Les chansons I, II, III et IV présentent ce trait commun qu’elles débutent par les mêmes images, complaisamment développées, nous voulons dire la personnification des yeux et du cœur de l’amant, opposés entre eux ou à la personne même de celui-ci. Dans la troisième, les yeux et le cœur de l’amant, ainsi que lui-même, sont simplement considérés comme les victimes de l’Amour ; dans la première, son cœur et ses yeux sont pour lui des ennemis qu’il s’efforce en vain de fuir ; dans la seconde, ces ennemis, unis à deux mauvais « seigneurs » (sa dame et l’Amour), le tuent ; dans la quatrième, ses yeux triomphent de son cœur, son cœur et ses yeux réunis triomphent de lui-même, et tous finissent par succomber, car le cœur, se comportant en traître, fait tuer l’amant et ses yeux par la dame, qui finit par le tuer lui-même (15).
De ces chansons, la quatrième appartient, en outre, à un groupe formé par les neuf autres chansons de Uc et trois poésies que nous avons imprimées parmi les sirventés (XVI, XVII et XXV), et qui, ainsi que nous l’avons dit, se laissent sans effort ranger de façon à former les différentes étapes d’un amour malheureux.
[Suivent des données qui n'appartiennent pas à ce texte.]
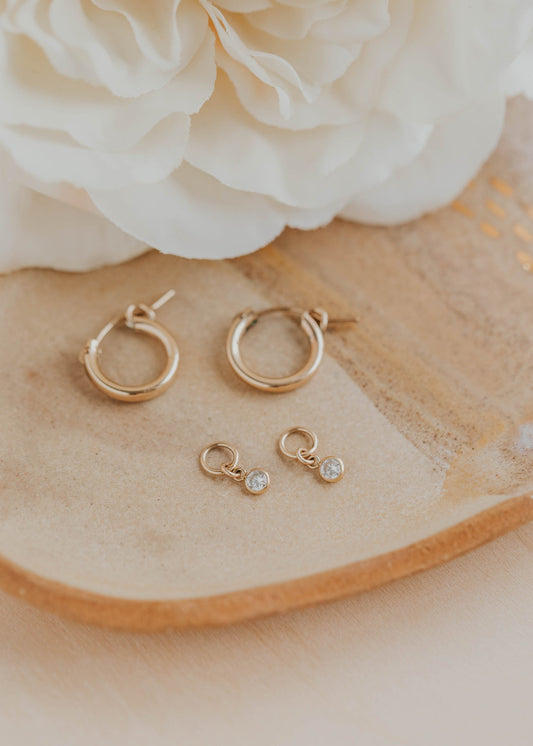Gold hoop earrings with small gemstones on a wooden surface with white flowers in the background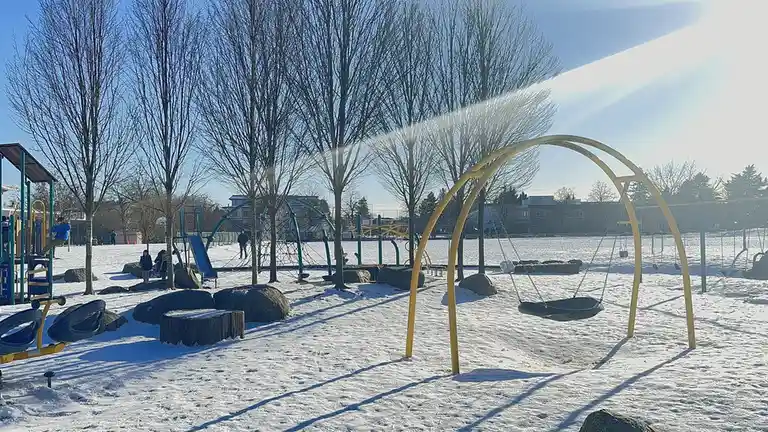 A snowy playground with bare trees and bright sun, featuring swings, slides, and climbing structures, with a few people in…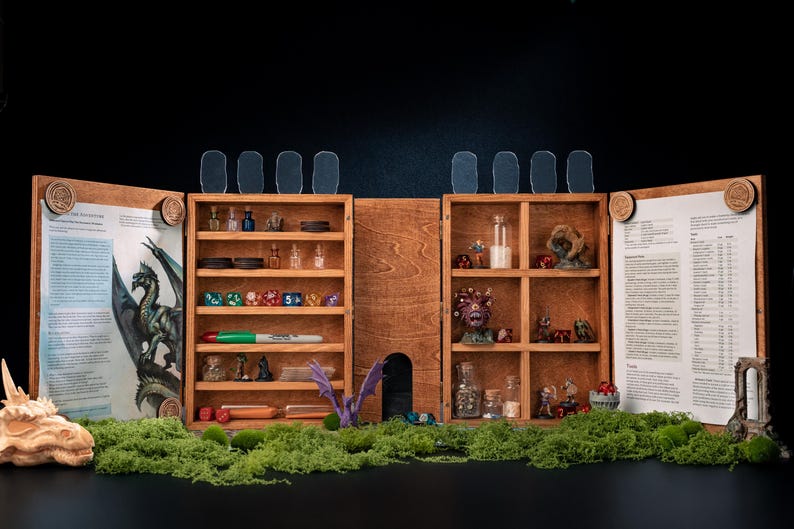 May include: A wooden tabletop gaming organizer with multiple shelves and compartments. It features dice, miniature figurines, and potion bottles. The organizer is open, revealing printed pages and a dragon sculpture, set against a black background.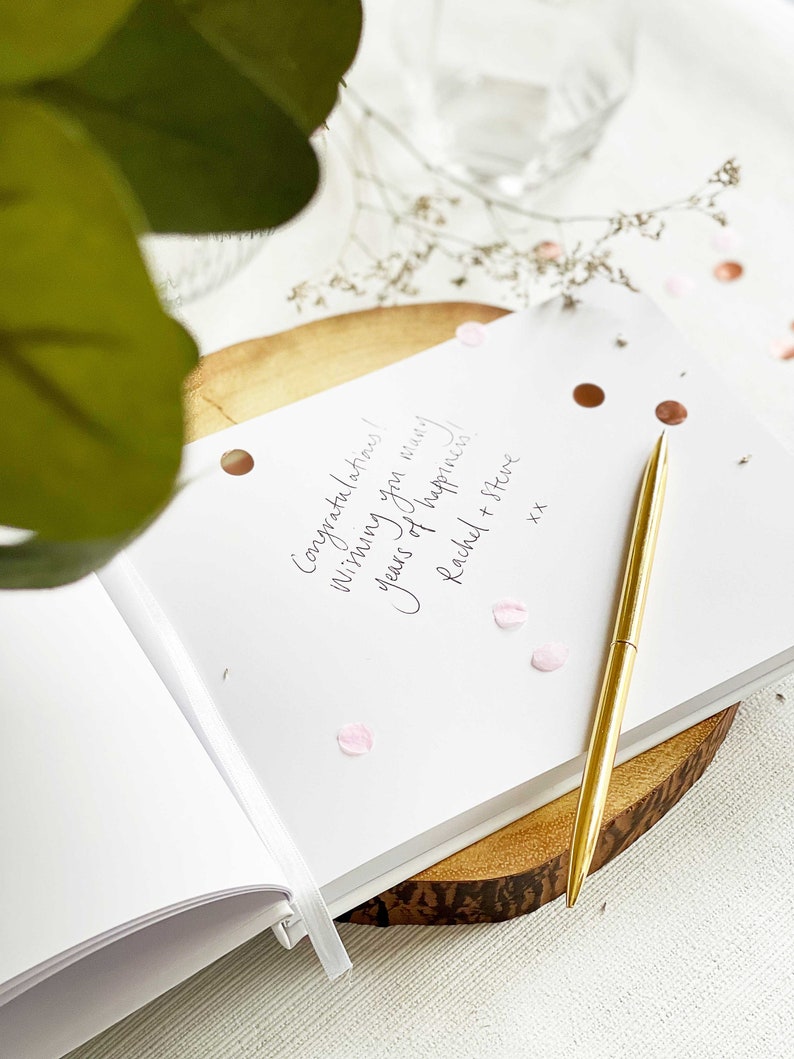 a wedding guest book with the page open showing handwritten guest message and slim gold pen resting on the page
Il est à noter que toutes les chansons qui en font partie, à en juger par les noms que contiennent les tornades (quand elles en contiennent), se rattachent aux années où Uc était encore en France.
Nous allons maintenant résumer brièvement le contenu de ces pièces, en les plaçant dans l’ordre requis.
[I, II, III]. Le poète a longtemps été aimé de sa dame (16), mais depuis il a constaté avec douleur qu’il n’est plus seul à l’être. Il se plaint de la froideur que lui témoigne sa dame. Il l’aime éperdument et il fera son possible pour la rendre plus humaine ; il chérit la douleur qu’il éprouve à cause d’elle. Aucune autre femme ne pourra la remplacer dans son cœur (a) (17).
[VI] (18). Le poète proteste toujours de son intention de rester fidèle à sa dame. Mais dès maintenant, nous surprenons en lui un mouvement de révolte à la pensée qu’il sera obligé d’aimer toujours sans espoir de retour (vv. 10-15) ; il insiste sur l’effort qu’il doit faire pour continuer à l’aimer (vv. 28-29) ; il se décourage et demande à Savaric s’il doit porter ses hommages ailleurs.
[VII]. Le sujet est le même, mais les plaintes et les protestations d’amour sont plus violentes. Sa dame aurait tort de refuser ses hommages, parce que, comme poète, il peut lui donner la gloire. Il se dit que le seul parti à prendre, c’est de la quitter, mais il ne le peut pas. Il supplie Amour de le contenter et de ne pas le laisser mourir inconsolé ; si sa dame ne veut pas de lui, il n’en aimera pourtant pas d’autre (a). Il dit à Savaric que, quoi qu’on puisse lui rapporter d’elle, il ne la quittera pas avant de s’être assuré par lui-même que ce qu’on dit d’elle est la vérité (b).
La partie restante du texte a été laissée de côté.